In response to an FT article by Ed Luce on 26th July 2015, entitled 'Hillary's war on quarterly capitalism'
"The longer this cycle continues, the more puzzling the investment drought becomes. With healthy profits and a near zero cost of capital, now ought to be the time to lay down plans for the future"
This may be puzzling to people who gaze at equilibrium models and optimal control panels and believe that what they are looking at remotely describes the real economy. It may also be puzzling to people who look no deeper than headline government statistics, people who for example, get excited about 300k new part-time low wage jobs, whilst glossing over the loss of thousands of skilled full-time jobs, and the record numbers of people dropping out of the labour force.
It isn't remotely puzzling to anyone who understands the stifling effect that mountains of debt have on the 'confidence' of producers and consumers alike.

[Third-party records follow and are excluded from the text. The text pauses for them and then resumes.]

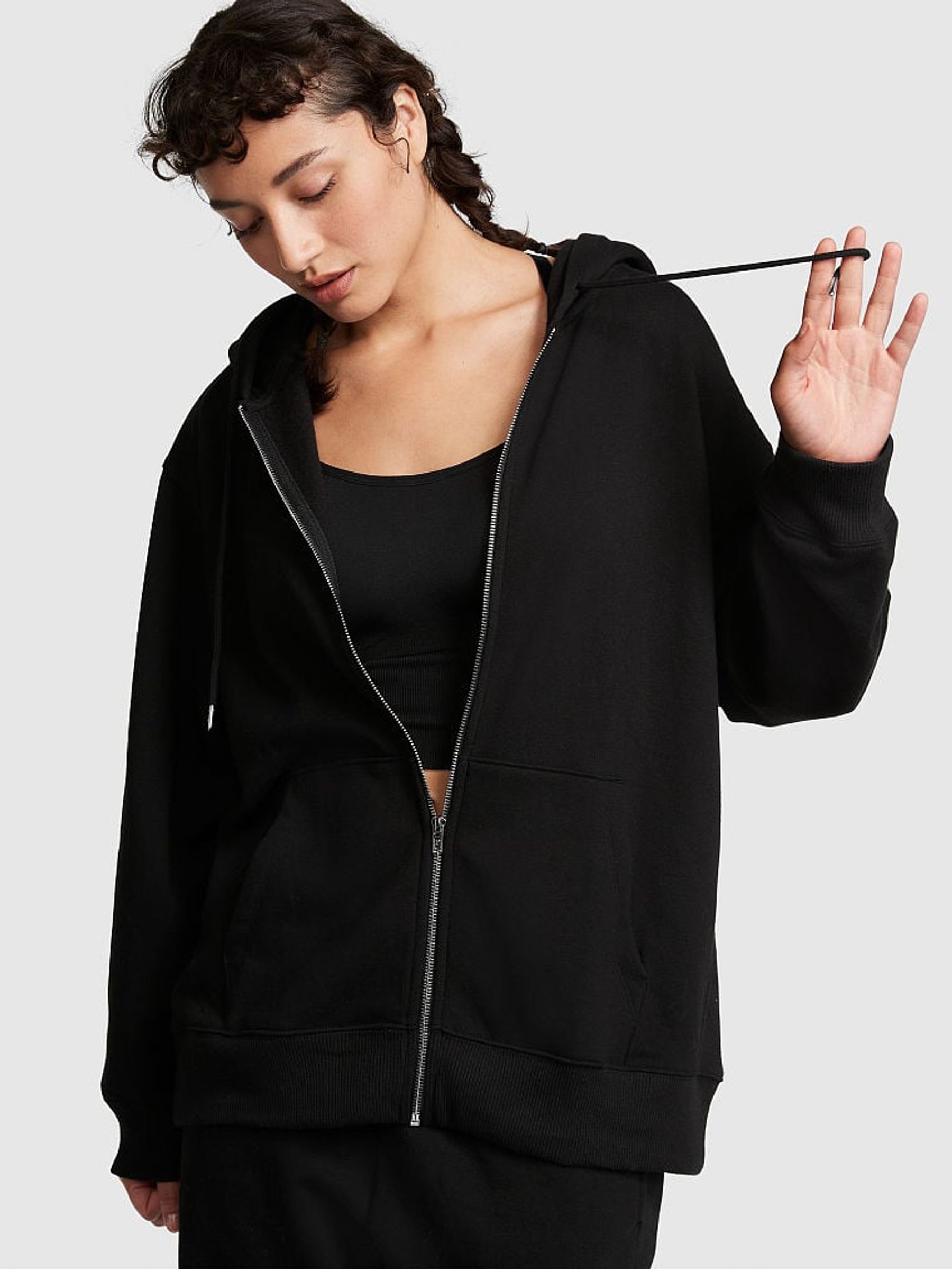 Pure Black Fleece Hoodie - Image 1 of 4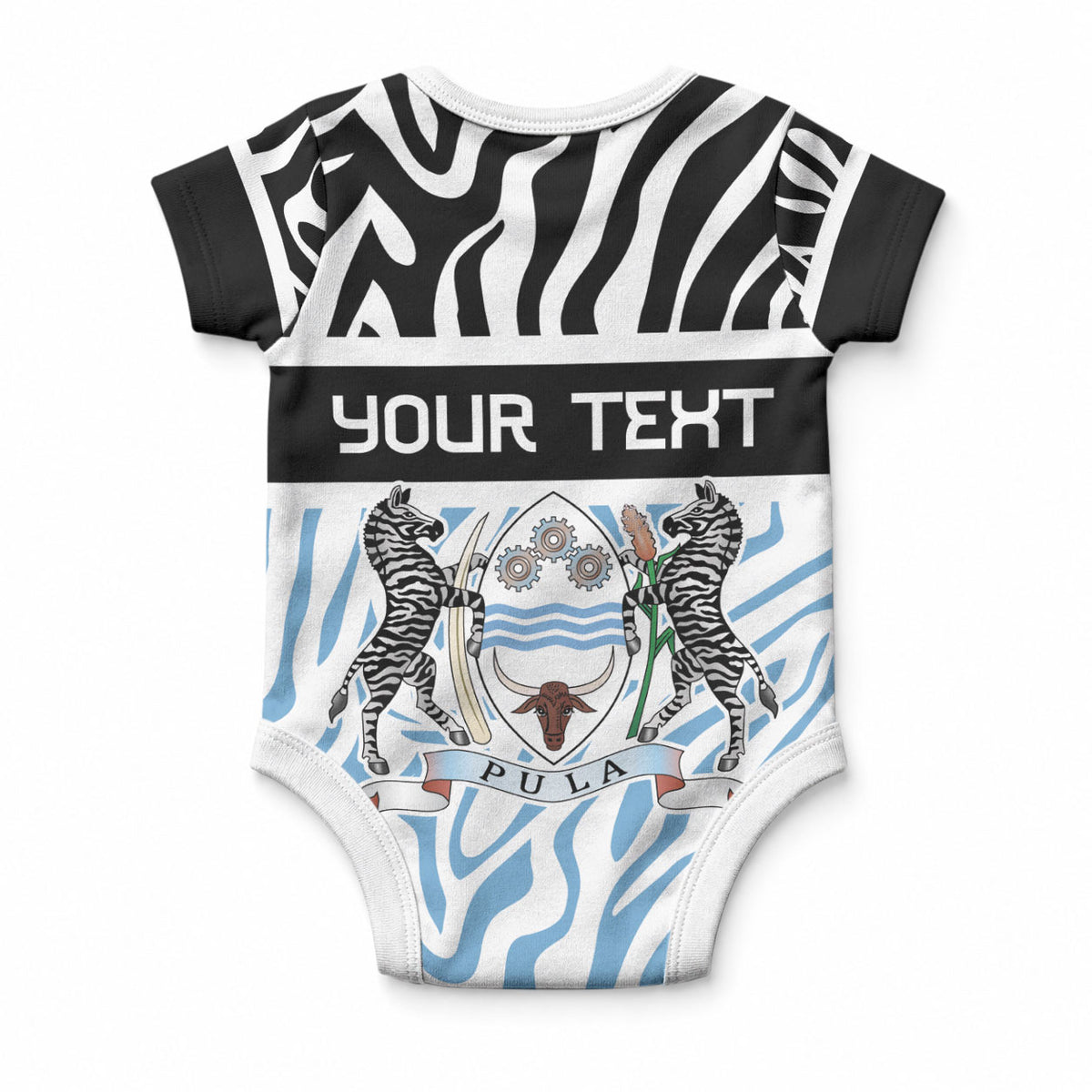 Botswana Personalized Baby Onesie African Zebra Skins Pattern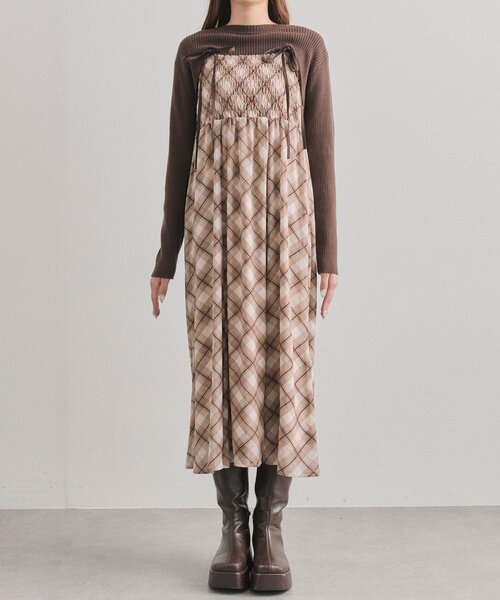 OLIVE des OLIVE（オリーブデオリーブ）の「ニットセットロングキャミワンピース（ワンピース・レディース・ブラック/ブラウン/ブラック系その他・FREE）」の18枚目の写真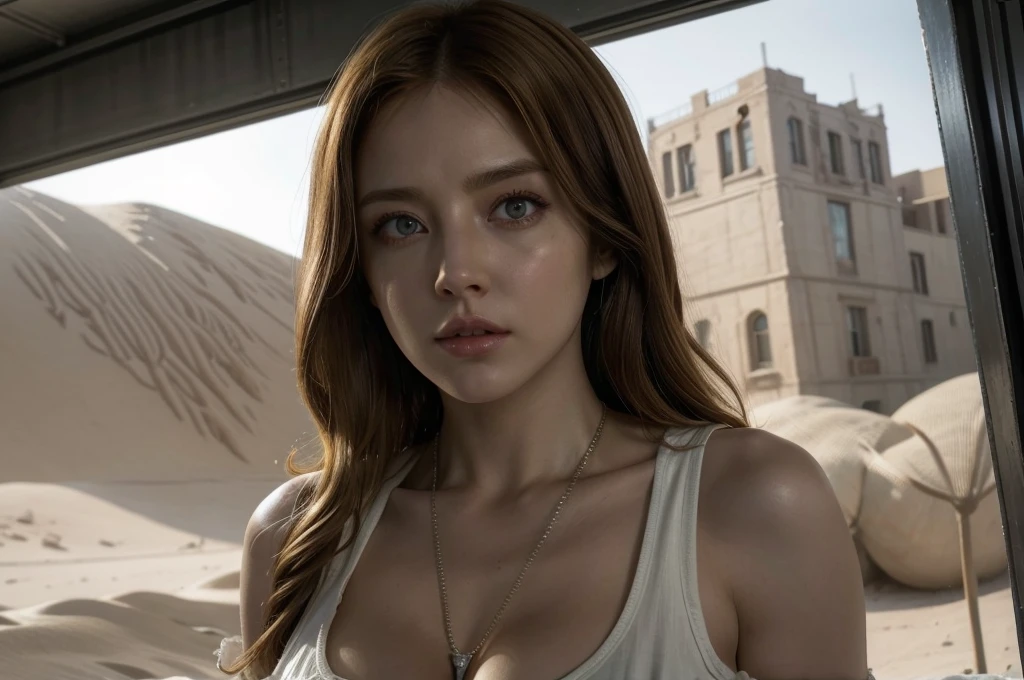 super fine illustration, ultra high resolution, masterpiece, highest quality, perfect lighting, detailed lighting, dramatic shadow, ray tracing, 1 beautiful white girl, solo, looking at viewer, medium breasts, exposed cleavage, beautiful detailed hazel eyes, sharp face, clear eyes, long bang, ((medium curly blond hair:1.2)), ((post-apocalyptic fiction)), ((desert:1.2)), battle suit, military harness, Resident Evil Series, full body,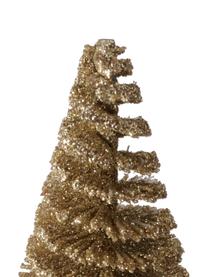 Figuras decorativas pinos Tarvo, 3 uds., Tablero de fibras de densidad media (MDF), poliéster-fieltro, Dorado, beige, Set de diferentes tamaños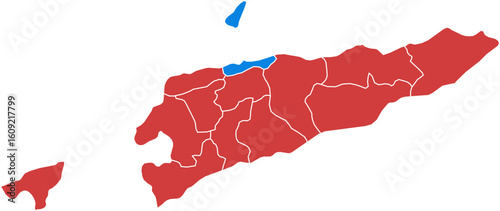 Timor Leste map. Map of timor leste districts with one highlighted in blue isolated on white background.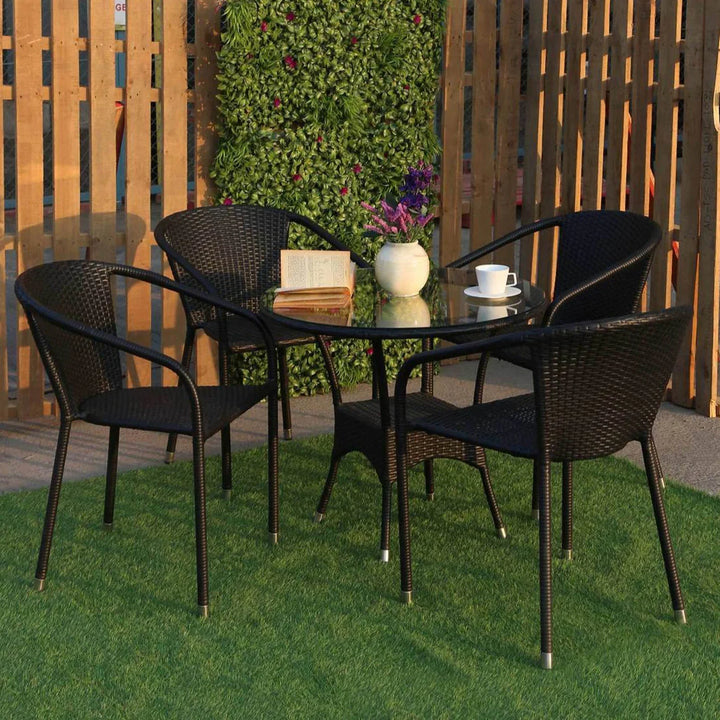 Virasat Duke Outdoor Patio Seating Set 4 Chairs and 1 Table Set (Black)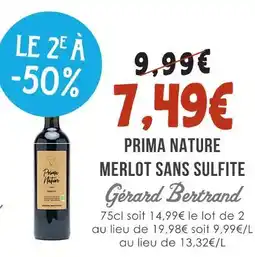 Naturalia Gerard bertrand prima nature merlot sans sulfite offre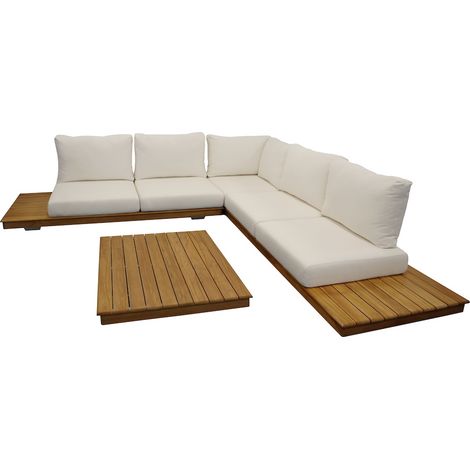 PROLOISIRS Set salon bas NEWCASTLE - 1 canapé d’angle + 1 table basse - Teck / Blanc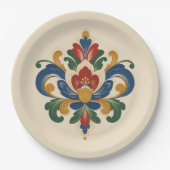 Norwegische Rosemaling Pappteller (Vorderseite)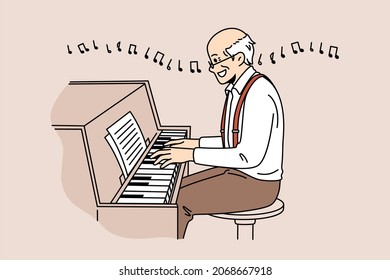 Mature people as musicians concept. Elderly smiling man pensioner cartoon character sitting reading notes playing piano enjoying music vector illustration 
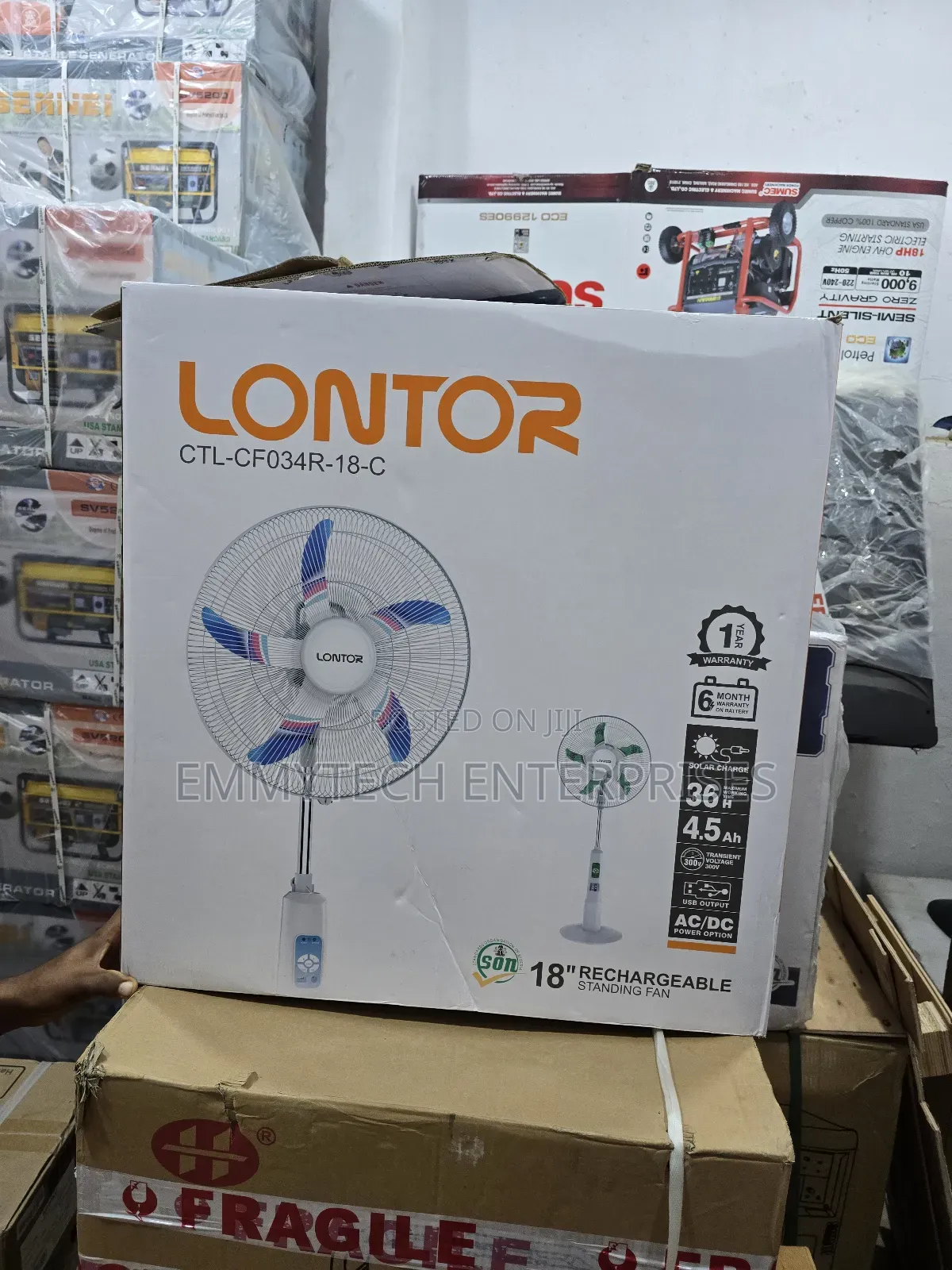 Lontor 18inch Rechargeable Standing Fan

This 'recovery' is an asset price inflated chimera based on QE and ZIRP. Wall Street may buy it, the academics in the Eccles Building may buy it, but as far as many businesses and people on 'Main Street' are concerned, it's a sick joke.
Producers are not investing, because deep down, in a place that is not swayed by academic nonsense, or Hillary Clinton's latest attempt to be relevant, they know that an economy that is still on ZIRP after 7 years, where there is a third more debt than there was in 2008, is not a safe environment to make long term capital investment.
As for consumers, it's even simpler - why are people are not rushing out to spend their 'gasoline' bonus as expected by the 'aggregate demand' gurus in the Eccles Building? Because people don't want to spend money they haven't got on stuff they don't need. In the real world, paying off your debt isn't 'savings' - it's paying off your debt - something that Hillary Clinton, and the other clowns running for office have absolutely no intention of doing - ever.
Faith in this Ponzi Scheme is running out.